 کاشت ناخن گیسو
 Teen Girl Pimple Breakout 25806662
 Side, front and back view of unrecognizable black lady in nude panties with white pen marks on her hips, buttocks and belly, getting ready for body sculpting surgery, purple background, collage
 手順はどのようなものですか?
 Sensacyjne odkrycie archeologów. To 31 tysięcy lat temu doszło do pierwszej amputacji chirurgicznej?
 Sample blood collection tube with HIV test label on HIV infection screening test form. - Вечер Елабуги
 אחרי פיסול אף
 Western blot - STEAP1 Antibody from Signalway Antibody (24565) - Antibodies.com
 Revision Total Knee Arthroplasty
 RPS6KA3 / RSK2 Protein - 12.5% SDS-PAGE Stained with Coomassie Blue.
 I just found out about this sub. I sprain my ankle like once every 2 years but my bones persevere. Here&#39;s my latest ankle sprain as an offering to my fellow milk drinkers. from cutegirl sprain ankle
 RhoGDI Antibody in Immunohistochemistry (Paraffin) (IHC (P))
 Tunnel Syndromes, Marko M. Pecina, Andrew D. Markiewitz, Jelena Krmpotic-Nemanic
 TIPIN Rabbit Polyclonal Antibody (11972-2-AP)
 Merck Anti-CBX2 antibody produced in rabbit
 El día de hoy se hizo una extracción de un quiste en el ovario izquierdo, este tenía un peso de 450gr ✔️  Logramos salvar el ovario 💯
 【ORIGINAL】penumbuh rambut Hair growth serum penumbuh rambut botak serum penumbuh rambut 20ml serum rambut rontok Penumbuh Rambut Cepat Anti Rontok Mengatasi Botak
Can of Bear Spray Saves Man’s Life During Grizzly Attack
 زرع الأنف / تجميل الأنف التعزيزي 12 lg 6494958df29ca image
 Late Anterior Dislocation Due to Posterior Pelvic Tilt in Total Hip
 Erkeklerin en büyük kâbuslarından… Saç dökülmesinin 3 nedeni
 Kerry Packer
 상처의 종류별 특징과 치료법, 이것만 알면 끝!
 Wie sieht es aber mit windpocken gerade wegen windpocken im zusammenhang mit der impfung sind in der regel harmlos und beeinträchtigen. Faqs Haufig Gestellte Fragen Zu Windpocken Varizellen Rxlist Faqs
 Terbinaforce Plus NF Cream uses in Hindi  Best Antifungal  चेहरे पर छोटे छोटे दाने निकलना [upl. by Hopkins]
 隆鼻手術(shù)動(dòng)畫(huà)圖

* Try it
Reproduce exactly the entries above, limited to the lines from the one with "אחרי פיסול אף" through the one with "Kerry Packer", both included.

* Reply
 אחרי פיסול אף
 Western blot - STEAP1 Antibody from Signalway Antibody (24565) - Antibodies.com
 Revision Total Knee Arthroplasty
 RPS6KA3 / RSK2 Protein - 12.5% SDS-PAGE Stained with Coomassie Blue.
 I just found out about this sub. I sprain my ankle like once every 2 years but my bones persevere. Here&#39;s my latest ankle sprain as an offering to my fellow milk drinkers. from cutegirl sprain ankle
 RhoGDI Antibody in Immunohistochemistry (Paraffin) (IHC (P))
 Tunnel Syndromes, Marko M. Pecina, Andrew D. Markiewitz, Jelena Krmpotic-Nemanic
 TIPIN Rabbit Polyclonal Antibody (11972-2-AP)
 Merck Anti-CBX2 antibody produced in rabbit
 El día de hoy se hizo una extracción de un quiste en el ovario izquierdo, este tenía un peso de 450gr ✔️  Logramos salvar el ovario 💯
 【ORIGINAL】penumbuh rambut Hair growth serum penumbuh rambut botak serum penumbuh rambut 20ml serum rambut rontok Penumbuh Rambut Cepat Anti Rontok Mengatasi Botak
Can of Bear Spray Saves Man’s Life During Grizzly Attack
 زرع الأنف / تجميل الأنف التعزيزي 12 lg 6494958df29ca image
 Late Anterior Dislocation Due to Posterior Pelvic Tilt in Total Hip
 Erkeklerin en büyük kâbuslarından… Saç dökülmesinin 3 nedeni
 Kerry Packer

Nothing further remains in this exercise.